Rowland’s obviously a busy woman, but I couldn’t end my conversation with the singer without asking her about Coachella. She took the stage alongside Beyoncé, the first black woman to headline the festival, and Michelle Williams for a segment of Destiny’s Child songs. The performance was an homage to HBCU marching bands, a celebration of African-American culture. While I was not there to take it in myself, as I streamed the performance from the comfort of my bed, I couldn’t help but feel welled up with pride.
While I do not consider myself an African-American woman (my family is from the Caribbean), the cultural commonalities between African-descended people of the diaspora are not lost on me. And I could feel them as I took in the performance. “Rhythm for all African cultures is the common thread,” Rowland says.
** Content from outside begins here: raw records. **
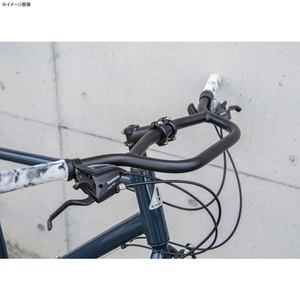 ADEPT 自転車アクセサリー Overhang Bar オーバーハング バー サイクル/自転車   ブラックの通販は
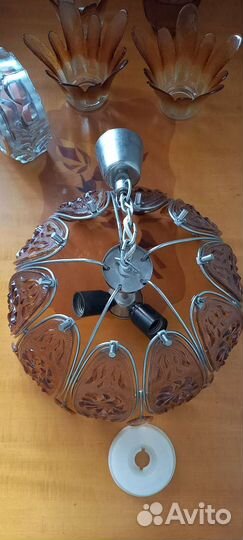 Плафоны. Люстра 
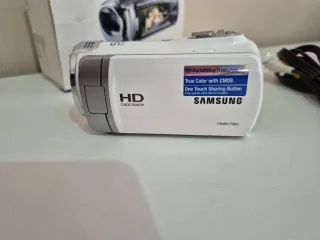 Videocamera Samsung HMX-F90 Bianca Completa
It runs deep within black culture, no matter where in the world black people are from. And it is this rhythm, this connection, is something that Rowland says she saw early on in her son, Titan.
“What really amazed me is when [he] learned rhythm. That it was natural. And it was nothing that it was taught,” she muses. “He was listening to Rihanna’s ‘Work’ and there was like this slight movement in his shoulder. And that’s one of the many things that’s so rich about us. It’s our rhythm. And that kind of rhythm we have – think about the rhythm we radiate to the world. That’s why we’re so rich. But have to truly bring it in and understand what that richness is and how we spread it towards each other.”